Tens of thousands of mothers, fathers, sons and daughters rallied Saturday to tell Italy that they alone should be counted as families, pressuring parliament to reject legislation that would grant new rights to unmarried and same-sex couples.
The "Family Day" rally, drawing hundreds of thousands of demonstrators in an unexpectedly strong outpouring, was organized by lay Catholic groups and family associations. While the demonstration has been endorsed by Italian bishops, neither the Vatican nor the Italian bishops' conference is formally behind it.
"With this demonstration, we wanted to give a signal. It must not be a sporadic event, but it must contribute to dialogue and help (people) understand family must be protected," said Emanuele Cirillo, a 27-year-old Neapolitan who had traveled to Rome for the demonstration.
People from across Italy began pouring into the massive St. John Lateran piazza in the morning. The demonstrators were entertained by singers, speakers and even a brief video featuring the late John Paul II, the beloved pontiff who died in 2005, in a 1988 speech about the need to protect family.
Crowd bigger than expected
Clowns and stilt walkers mingled with the crowd to entertain the children.
By the end of the day, organizers said as many as 1.5 millions people had showed up, while police did not give a final estimate. Earlier, police had put the number of participants at 250,000 but the crowd had since become bigger.
The turnout was above the organizers' expectations.
Premier Romano Prodi's Cabinet passed the legislation at the center of the debate last February, and the bill now requires parliamentary approval.
Rights for the unmarried
The proposed legislation would grant legal rights to unmarried couples who live together, including hospital visits and inheritance. It does not legalize gay marriage, as was done in other European countries, such as Spain.

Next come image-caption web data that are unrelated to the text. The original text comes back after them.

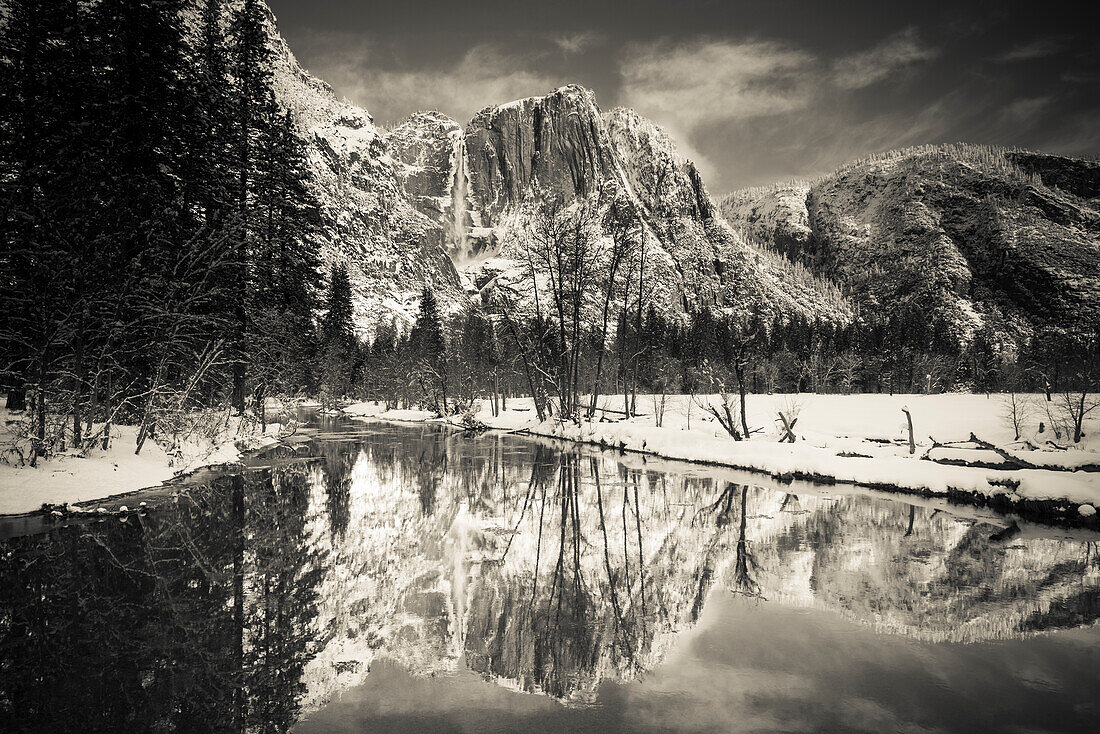 Yosemite Falls oberhalb des Merced River im Winter, Yosemite National Park, Kalifornien, USA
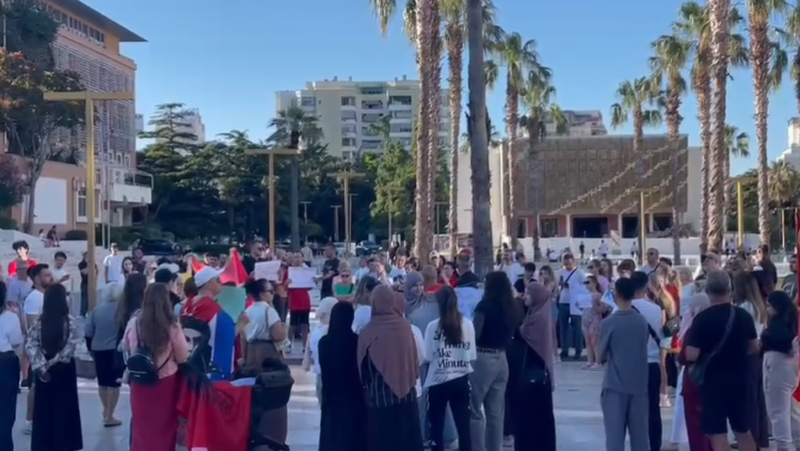 Qytetar&euml;t e Durr&euml;sit dalin s&euml;rish n&euml; protest&euml;,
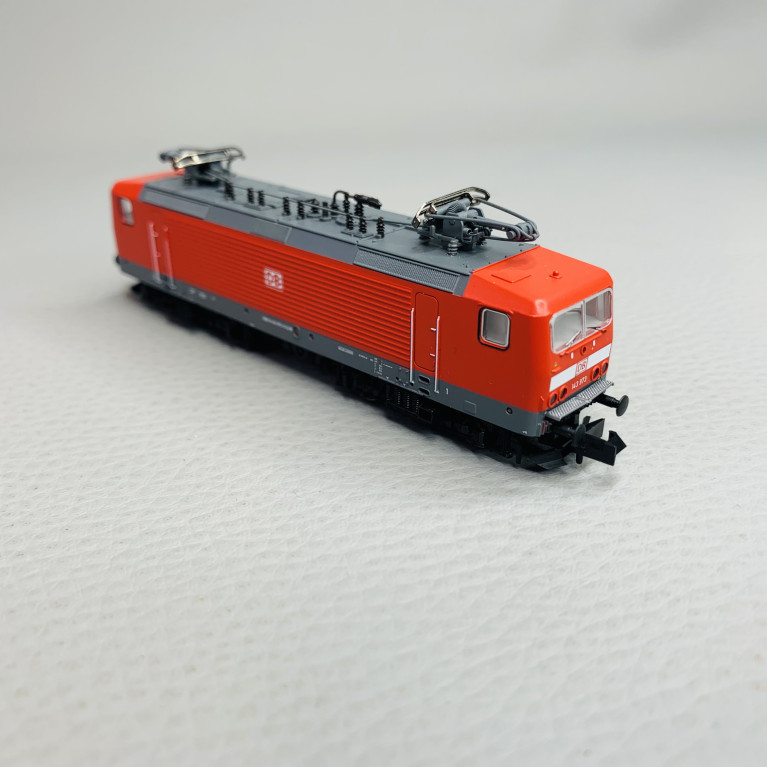 Locomotive électrique série 143, DB AG, Ep VI, Digital son - FLEISCHMANN 7570007 - N 1/160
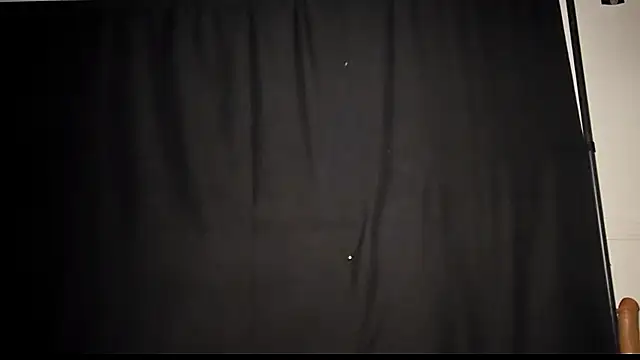 Snapshot of Layla-Lana chatting on March 4, 6:47 am Layla-Lana online show from March 4, 6:47 am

The bill has angered the Vatican, which under Pope Benedict XVI has campaigned to protect traditional family based on marriage between man and woman.
Benedict, speaking on the eve of the rally from Brazil, where he was traveling, accused the media of promoting sexual immorality. He also decried what he called the "plague" of extramarital unions.
The bill's critics say the legislation would dismantle the traditional family by offering an alternative model. Supporters argue that the bill would make Italy a more civilized nation by recognizing the basic rights of people who live outside marriage, and organized a counter-rally in Rome.
Prodi steers clear from ‘Family Day’
"We came here today to protest against those traditional families who think only they represent a real form of family," said Alberico Nunziata, 30, who is gay and arrived at the rally — a much smaller gathering expected to go into the night — with his partner.
"There is no need to get married in order to achieve something as a couple, there can be also different form of unions between two people, we personally hope to build a lot together," he added.
The "Family Day" has proven embarrassing for Prodi's center-left coalition, with at least two ministers taking part, while other center-leaders attending the counter-demonstration.
Prodi tried to defuse tensions Saturday, saying that religion should not be manipulated and calling secularism an "essential principle" of politics.
Many center-right leaders, including former Premier Silvio Berlusconi, attended the pro-family rally.